### TRY IT
Copy out the full listing below as it stands, with its pictures left behind.

### DATASET EXCERPT
*-*-*
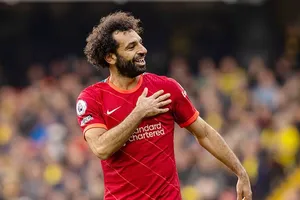 Mohamed Salah đã thay đổi ý định rời sân Anfield. Ảnh: Getty Images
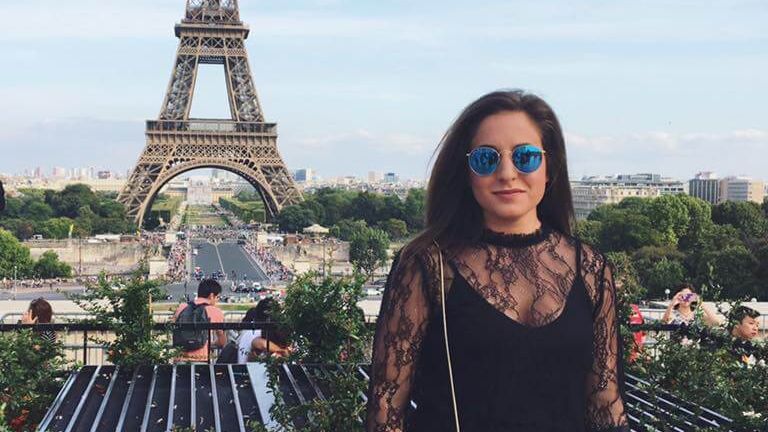 A woman standing in front of the Eiffel Tower in Paris, France.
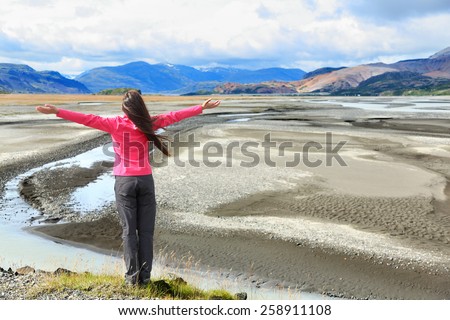 Woman enjoying view of Iceland black sand dunes in south Icelandic nature landscape. Serene person relaxing soaking in the natural beauty. Tourist visiting landmarks tourists attractions.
*-*-*
### ANSWER BOX
 Mohamed Salah đã thay đổi ý định rời sân Anfield. Ảnh: Getty Images
 A woman standing in front of the Eiffel Tower in Paris, France.
 Woman enjoying view of Iceland black sand dunes in south Icelandic nature landscape. Serene person relaxing soaking in the natural beauty. Tourist visiting landmarks tourists attractions.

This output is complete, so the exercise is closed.